Common economic models begin with Supply and Demand Theory. Although there are many other so called theories, the fact is most return to Supply and Demand as the starting point. For instance "Marginalism" is just the last Supply and Demand event. "Budget Constraints" are factors affecting the Supply curve. "Aggregate" theories are simply summary Supply and Demand curves. Then there are the reason consumers select a certain level of Demand. These theories include "Rational Choice," "Utility" and "Opportunity Cost" theories of consumer behavior. Their choice is still made within the confines of the Supply and Demand model. Their choice lacks meaning unless interpreted within the S & D model.

Although N Theory, Negotiation Theory, is based on a repudiation of the Supply and Demand model as the primary economic model the reasons may not be apparent. Let's contrast the two and see if the differences can be made more apparent. First, initial product pricing is set by the Seller in the S & D model. In N Theory no price is set until a transaction is consummated by a Buyer and Seller. So N Theory states "price" is set by a negotiation between a Buyer and Seller. Both participants are given equal weight in the price setting process.

The S & D model states prices changes when the quantity offerred or demanded changes. The N Theory model disregards the "quantity" theory of the S & D model and states prices change when Buyers and Sellers alter their settlement point. N theory states the reson might be the quantity offerred, but it also might be an irrational reason, or an online astrology prediction or the result of an indepth analysis of the market. The reason is not judged as important as the fact the actors changed the direction of the market. In N Theory the movement of the market is the event to be evaluated since it likely foretells future movement.
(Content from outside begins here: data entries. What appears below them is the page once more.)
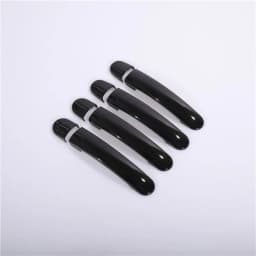 For VW Polo 2010 2011 2012 2013 2014 2015 2016 2017 Black Chrome Car Door Handle Covers Car Accessories Styling Stickers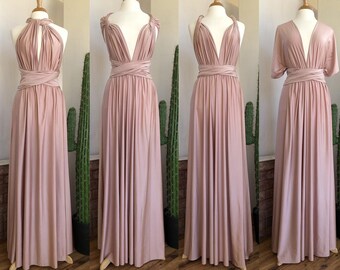 blush multiway bridesmaid dress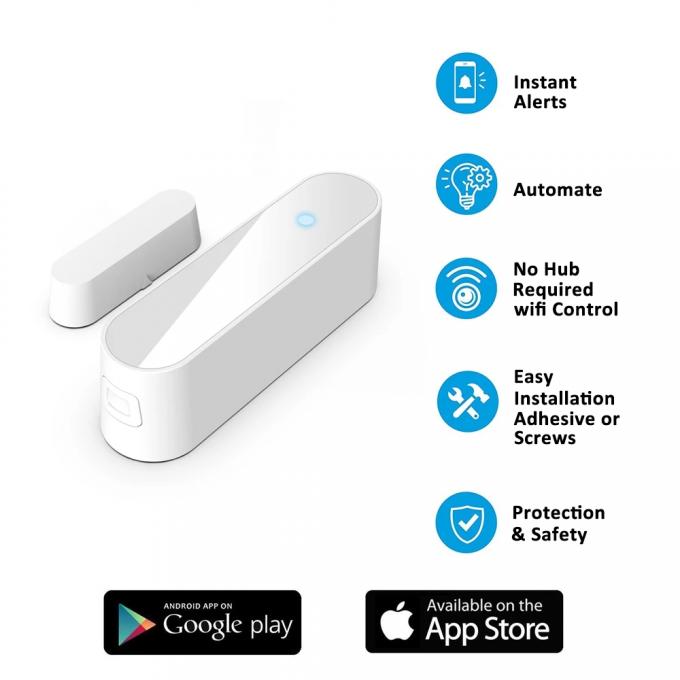 70mA120mA WiFi Smart Sensor 45m Door Security Sensors Alexa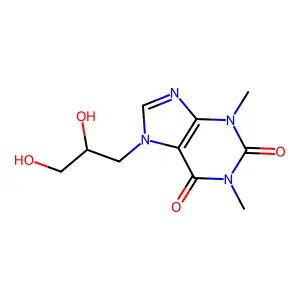 Diprophylline structure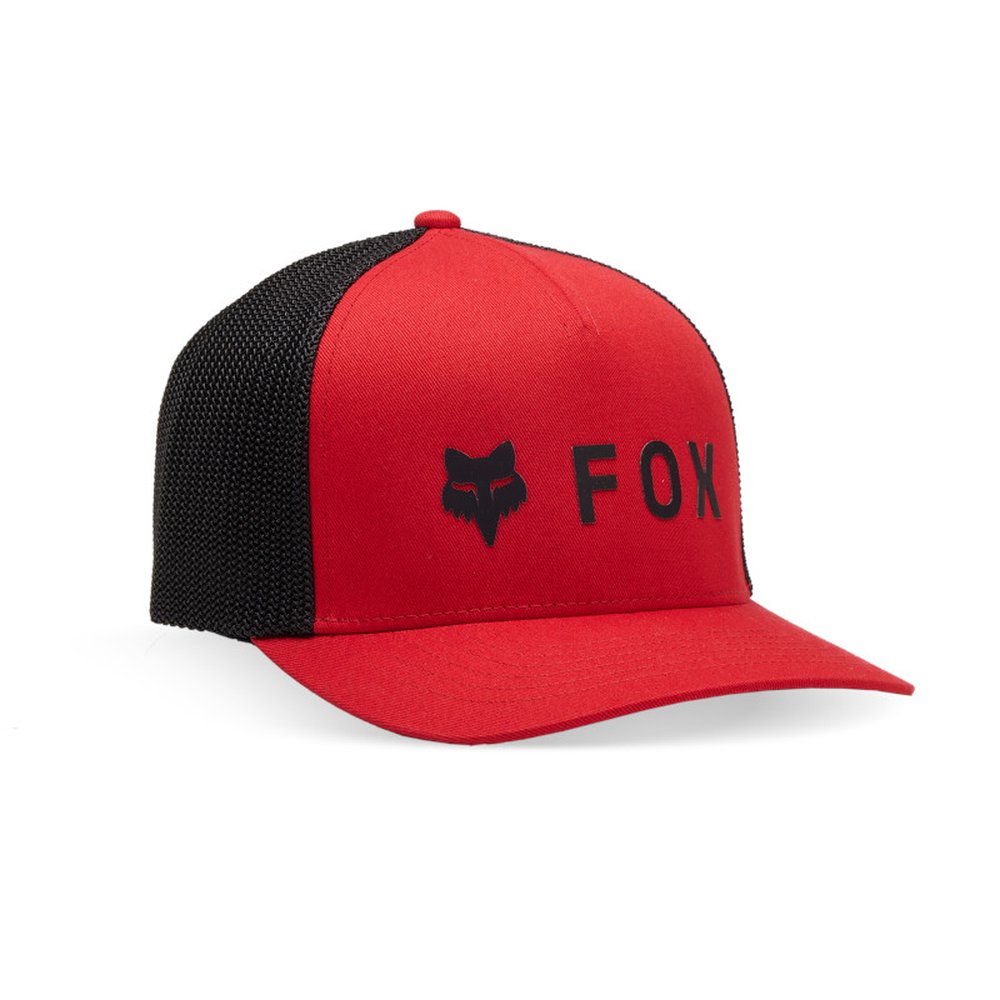 FOX ABSOLUTE FLEXFIT HAT Kappe Flame Rot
The S & D model assumes top-down control. The Seller sets the market price and enters or leaves the market to influence the direction of prices. N Theory says future sales are subject to the influence of the millions of consumers and perceptions about the overall economy. N Theory is a bottom-up economic theory. The consumer can influence the Seller to adjust her prices. N Theory is the opposite of S & D Theory.

The way in which S & D  and N Theory operate determine the main market factors that influence each theory. For S & D Theory it is the "quantities" of products brought to market. For N Theory it is the perception of the overall economy and the economic position of the Buyers and Sellers in that economy. If a Buyer believes the market for her product will grow, she is unlikely to compromise on price to try to induce a sale, but if the Seller preceives the market is degrading she might make substantial concessions to induce a sale.

This is why S & D Theory based models performed so poorly in the Global Economic Crisis of 2008 and why a consumer based theory like N Theory could foretell an impending economic collapse. Buyers and Sellers are going to begin to change their attitudes before they change their actions. An economic theory that surveys the market actors is much more likely to foresee the direction of the market before the change is reflected in the products brought to market.